• **Task item**
Where does the word "Cute" show up in the records? Copy every line that has it.

Extracted records
= = = =

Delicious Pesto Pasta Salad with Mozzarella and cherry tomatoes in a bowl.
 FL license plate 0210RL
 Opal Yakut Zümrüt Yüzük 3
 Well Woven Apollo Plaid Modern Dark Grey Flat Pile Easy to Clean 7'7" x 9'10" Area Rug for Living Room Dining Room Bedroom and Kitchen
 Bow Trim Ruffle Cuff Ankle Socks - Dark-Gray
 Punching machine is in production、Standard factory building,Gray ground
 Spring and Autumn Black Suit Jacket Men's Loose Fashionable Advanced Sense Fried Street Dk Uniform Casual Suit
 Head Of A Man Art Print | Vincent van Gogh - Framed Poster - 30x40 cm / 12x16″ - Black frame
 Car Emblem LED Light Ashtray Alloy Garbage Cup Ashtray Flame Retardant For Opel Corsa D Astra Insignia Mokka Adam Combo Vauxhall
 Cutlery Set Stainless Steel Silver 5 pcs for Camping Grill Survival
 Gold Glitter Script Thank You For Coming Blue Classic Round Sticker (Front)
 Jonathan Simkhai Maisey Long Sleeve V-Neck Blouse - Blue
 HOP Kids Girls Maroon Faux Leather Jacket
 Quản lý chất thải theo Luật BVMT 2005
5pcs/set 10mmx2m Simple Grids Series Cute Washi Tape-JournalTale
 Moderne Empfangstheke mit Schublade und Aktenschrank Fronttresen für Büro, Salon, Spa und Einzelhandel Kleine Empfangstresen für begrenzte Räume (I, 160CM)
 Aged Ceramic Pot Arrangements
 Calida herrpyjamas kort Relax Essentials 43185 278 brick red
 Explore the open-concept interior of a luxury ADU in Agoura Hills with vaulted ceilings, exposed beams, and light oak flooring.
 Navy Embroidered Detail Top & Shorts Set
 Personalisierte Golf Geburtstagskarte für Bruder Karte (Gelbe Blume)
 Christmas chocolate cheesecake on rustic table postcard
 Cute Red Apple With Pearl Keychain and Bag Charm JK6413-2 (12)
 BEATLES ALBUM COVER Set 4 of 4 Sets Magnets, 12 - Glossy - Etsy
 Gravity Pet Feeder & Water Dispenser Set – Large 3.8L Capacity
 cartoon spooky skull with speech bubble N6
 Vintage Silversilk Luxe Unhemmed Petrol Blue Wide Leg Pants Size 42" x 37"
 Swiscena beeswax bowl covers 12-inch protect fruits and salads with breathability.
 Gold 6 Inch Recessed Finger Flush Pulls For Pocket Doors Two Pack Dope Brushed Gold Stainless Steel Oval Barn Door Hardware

= = = =

• **Output for this exercise**
5pcs/set 10mmx2m Simple Grids Series Cute Washi Tape-JournalTale
 Cute Red Apple With Pearl Keychain and Bag Charm JK6413-2 (12)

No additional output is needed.